Spain · ES

Spain accessibility law: RD 1112/2018 + Ley 11/2023 explained

Spain transposed the Web Accessibility Directive (RD 1112/2018) and the EAA (Ley 11/2023). Compliance is monitored by the OAW, which publishes periodic reports on public-sector conformance.

Primary law
Real Decreto 1112/2018 + Ley 11/2023
In force from
28 June 2025
Standard
WCAG 2.1 Level AA via EN 301 549
Enforcement
OAW (Observatorio de Accesibilidad Web) and consumer protection bodies

Who has to comply

Public-sector sites since 2018; private-sector consumer services from 28 June 2025.

Spain is a major EU market with a large tourist- and export-facing e-commerce sector, so many foreign stores sell into it in euros. Ley 11/2023 applies to those sellers under the country-of-consumption principle, and Spain's very-serious-infringement ceiling of €600,000 is among the higher fixed caps in the EU. A non-EU seller shipping to Spanish consumers should treat the OAW accessibility statement template as mandatory, since a missing or non-conforming statement is the easiest thing for the regulator to spot on a foreign-run site.

What the law actually requires

The technical baseline is WCAG 2.1 Level AA via EN 301 549. EN 301 549 references WCAG 2.1 Level AA in full and adds a few requirements specific to mobile apps and documents. Beyond the technical bar, Spain requires the following operational items, which auditors check first because they are simple to verify:

  • WCAG 2.1 AA via EN 301 549

  • Accessibility statement following the OAW template

  • Feedback and complaint procedure

  • Triennial technical audit for public-sector sites

Penalties and how enforcement actually works

Up to €600,000 (very serious infringements) under Ley 11/2023.

Spain monitors accessibility primarily through the Observatorio de Accesibilidad Web (OAW), which runs periodic automated and manual sampling and publishes conformance reports, backed by the consumer-protection authorities for private-sector sanctions.
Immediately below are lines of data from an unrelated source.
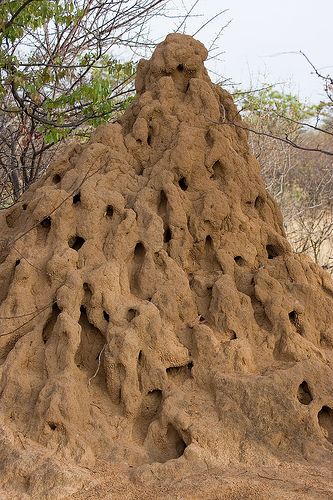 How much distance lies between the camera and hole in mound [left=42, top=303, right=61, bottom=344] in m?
4.32

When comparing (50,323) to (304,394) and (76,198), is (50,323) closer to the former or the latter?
(76,198)

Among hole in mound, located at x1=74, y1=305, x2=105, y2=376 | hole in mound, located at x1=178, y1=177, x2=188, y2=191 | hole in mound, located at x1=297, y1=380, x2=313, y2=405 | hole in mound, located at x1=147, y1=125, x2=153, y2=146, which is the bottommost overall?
hole in mound, located at x1=74, y1=305, x2=105, y2=376

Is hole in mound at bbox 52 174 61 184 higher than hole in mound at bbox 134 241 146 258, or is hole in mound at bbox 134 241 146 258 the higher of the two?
hole in mound at bbox 52 174 61 184

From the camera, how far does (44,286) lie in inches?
176

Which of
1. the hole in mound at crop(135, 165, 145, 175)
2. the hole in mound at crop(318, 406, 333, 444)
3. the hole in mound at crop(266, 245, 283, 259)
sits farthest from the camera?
the hole in mound at crop(135, 165, 145, 175)

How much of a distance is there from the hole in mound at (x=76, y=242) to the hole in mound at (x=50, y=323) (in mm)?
484

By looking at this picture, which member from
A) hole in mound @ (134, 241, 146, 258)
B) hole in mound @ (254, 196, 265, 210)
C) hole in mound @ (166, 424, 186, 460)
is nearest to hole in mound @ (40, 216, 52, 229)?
hole in mound @ (134, 241, 146, 258)

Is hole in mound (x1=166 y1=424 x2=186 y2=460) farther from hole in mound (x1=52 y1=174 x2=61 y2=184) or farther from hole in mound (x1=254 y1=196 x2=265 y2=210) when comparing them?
hole in mound (x1=52 y1=174 x2=61 y2=184)

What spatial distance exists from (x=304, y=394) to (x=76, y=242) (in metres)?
1.81

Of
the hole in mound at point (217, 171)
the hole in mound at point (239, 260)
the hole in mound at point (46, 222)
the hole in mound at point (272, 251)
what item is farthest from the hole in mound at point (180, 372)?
the hole in mound at point (217, 171)

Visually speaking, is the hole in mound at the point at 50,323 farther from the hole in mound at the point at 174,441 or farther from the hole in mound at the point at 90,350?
the hole in mound at the point at 174,441

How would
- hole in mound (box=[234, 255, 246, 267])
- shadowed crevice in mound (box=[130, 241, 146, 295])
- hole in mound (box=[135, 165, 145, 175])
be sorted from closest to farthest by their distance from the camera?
shadowed crevice in mound (box=[130, 241, 146, 295]), hole in mound (box=[234, 255, 246, 267]), hole in mound (box=[135, 165, 145, 175])

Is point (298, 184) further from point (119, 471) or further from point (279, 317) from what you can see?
point (119, 471)

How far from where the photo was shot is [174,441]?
3916mm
The OAW model is sampling- and observatory-led rather than purely reactive: it periodically crawls covered services and expects the OAW-format statement and a working complaint procedure. Public-sector sites face a triennial technical audit, and the same methodology increasingly shapes how private-sector conformance is checked.

Most enforcement starts with a complaint or a routine sweep. The first signal is usually a written notice giving you 30–60 days to remediate before fines kick in.

Practical first steps for a Spain site

If you are starting now and want to land before enforcement, run an automated audit, fix the high-impact issues (contrast, labels, keyboard, focus), publish an accessibility statement, and set up a feedback inbox. That sequence covers 80% of what auditors look for in a first sweep.

  • Run a baseline scan to know your current score

  • Fix critical and serious issues in priority order — these are the ones cited in complaints

  • Publish a public accessibility statement on a stable URL (Spain regulators expect this discoverable)

  • Add a feedback channel and answer within the country-specified window

  • Re-scan after every major release; track regressions

Frequently asked questions

Does the law apply to apps as well as websites?

Yes — RD 1112/2018 explicitly covers mobile apps published by covered entities. The EAA broadens this to consumer apps.